There are established upright and prostrate Rosemary bushes; Munstead and platinum blonde lavenders; Cambridge Monarda Bergamot; Oregano; Faustini, Common and Lemon Thymes; Broad sage; Marjoram; Red Orach; Fever-few; Chamomile and clumps of Chives with plenty of chocolate Mint. There are 6 rose bushes here also: A Rosa Port Sunlight; Rhapsody in Blue; Tequila Sunrise; Lily Marlene and 2 Korresia.

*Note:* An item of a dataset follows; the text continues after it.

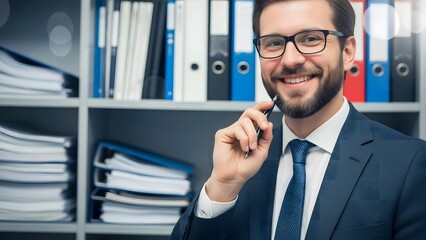 Document Management: Smiling Office Manager with Files and Pen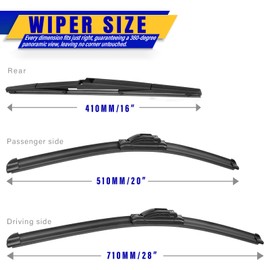 3 wipers Replacement for 2011-2020 Toyota sienna, Windshield Wiper Blades Original Equipment Replacement - 28"/20"/16" (Set of 3) U/J HOOK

Currently we have trays and pots of Sunflowers, Cosmos, Zinnias and Catanache ready to spot plant all over the plot, but not just yet.
In our tool shed we have 3 garden forks and a pitch-fork; a shovel, a spade, a pick and a coal shift; a grass rake and a soil rake; 4 hand trowels, I large sweeping brush, 2 Dutch hoes and an onion hoe; a hose, 2 watering cans, 3 buckets, a shears, a loppers, a pressure sprayer, whilst back on the Monster there is a large poly cloche; 200-300 pots of varying sizes; 2 wheelbarrows, one a makeshift summer planter, and the other the work horse. There are 2 compost bins and a leaf-mould cage; 40-50 Bamboo stakes with various lengths of netting and fleece. We have a stainless steel potting table, access to a communal poly-tunnel with propagating table, 2 locks and a bunch of keys. And that, by and large, is that: the lock, stock and 2 wonky barrows, The Monster’s itinerary…
Of course there are other things we have garnered compliments of the Monster In The Corner, but these are not so easy to enumerate and take stock of. These are not things you’ll see growing in the soil, or find tucked away and buried in the end of a locker or shed. And yet they are there every time we walk onto our allotment. But then just like tonight’s census, there are some lines of enquiry best left unanswered at present, providing fruit to some other occasion…Census 2016 complete. Roll on this year’s harvest.